A proposed rail upgrading plan could save the Malaysian government nearly RM50 billion without building the KL-Singapore high-speed rail – here’s how

Upgrading the existing rail network instead of building an entirely new high-speed rail would cut costs by more than half and prevent disruption to Singapore’s ongoing plans.
MyHSR Corporation Sdn Bhd

A less expensive alternative to the exorbitantly priced Kuala Lumpur-Singapore High Speed Rail (HSR) is being proposed to the Malaysian government, with the prospect of slashing the original cost of implementation by more than half.

Citing sources, The Star reported that Malaysia’s Council of Eminent Persons (CEP) had been briefed on the new proposal which would involve utilisation of existing double-track infrastructure belonging to national rail operator Keretapi Tanah Melayu (KTM).

Upgrading present infrastructure would incur a cost of RM20 billion ($5 billion), which is significantly cheaper than the hefty price tag of the HSR project that is expected to range from RM60 billion to RM70 billion.

In addition, the comparatively economical alternative could help the government avoid the RM500 million penalty imposed for complete abandonment of the project and re-negotiations with Singapore since plans by the latter would not be disrupted.

Unlike the HSR which boasts a travelling time of 90 minutes from Kuala Lumpur to Singapore, the plan to upgrade the existing rail network entails a longer travelling time of 130 minutes once completed.

Consultants have pointed out that travelling time could be shortened by introducing new locomotives that can travel at higher speed while ensuring safety.

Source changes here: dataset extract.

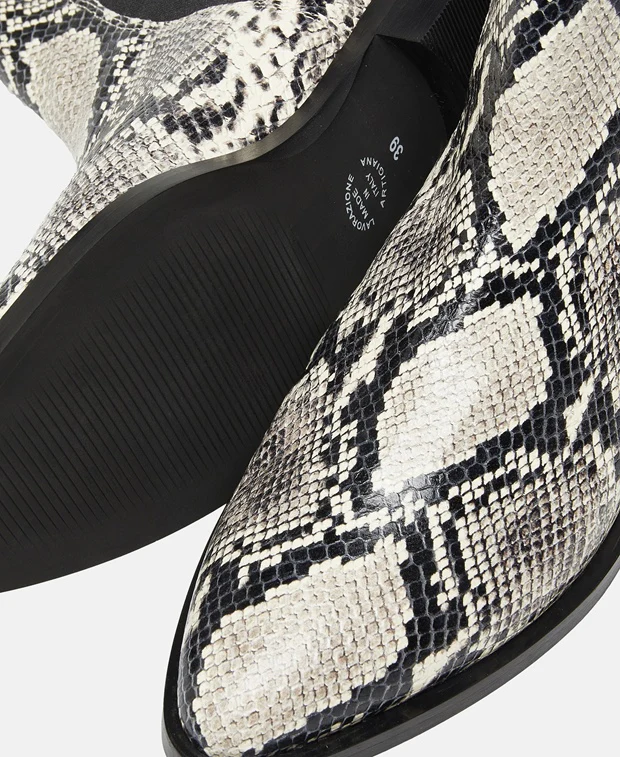 Chelsea Boots - Image 5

But it’s only made possible if the government allows third parties to operate KTM-owned rail lines.

“The third parties would be prepared to invest in better locomotives and run operations on a commercial basis. Travel time can be potentially reduced,” said a consultant.

Sources said the enhanced rail connectivity between the two countries at a markedly lower cost would be a key feature of the new proposal.

“Cost will be shaved by more than RM50 billion, which is 70% lower compared with (building) the HSR. This does not include land acquisition cost and possible cost overruns incurred by the HSR projects,” sources said.

“The upgrading of the existing railway tracks would involve minimal land acquisition, minimal disruption to existing system and complement the entire national railway network. It would not lead to a duplication of railway lines.”

Sources also highlighted the plan’s primary issue of improving existing double-track infrastructure such that it could cater for standard gauge and meter gauge trains.

Meter gauge tracks are narrower, causing trains to travel at slower speed. Standard gauge tracks are wider and allow trains to move at higher speed while providing more stability.

The solution: Install a single line that runs parallel to the existing double-track.

However, upgrading the rail network by using most of the railway alignments and installing standard gauge tracks would allow trains to travel at only approximately 200km/h. The HSR, which uses completely new alignments, enables trains to attain a faster speed of 320km/h.

The upgrading plan would be nonetheless cheaper when compared with another suggestion put out by some quarters to extend the Express Rail Link (ERL) from Kuala Lumpur International Airport (KLIA) to Singapore, reportedly costing at least RM30 billion.

“The suggested ERL extension plan would involve a completely new alignment from KLIA and there is not much of a difference in travelling time compared with the plan to upgrade the existing infrastructure,” said a source.

“The advantage for the ERL is that there is an existing station that can be upgraded to incorporate an immigration clearance check post.”

The HSR, along with phase three of a separate Mass Rapid Transit project, was temporarily put on hold by Prime Minister Tun Dr Mahathir Mohamad’s administration.

Meanwhile, the CEP is examining measures to improve governance and public finance management as part of efforts to help the government fulfil its election promises within the first 100 days of its inception.

Constraints on public spending came to light amid the government’s move to abolish the goods and services tax as well as revelation that the nation is steeped in debt amounting to more than RM1 trillion.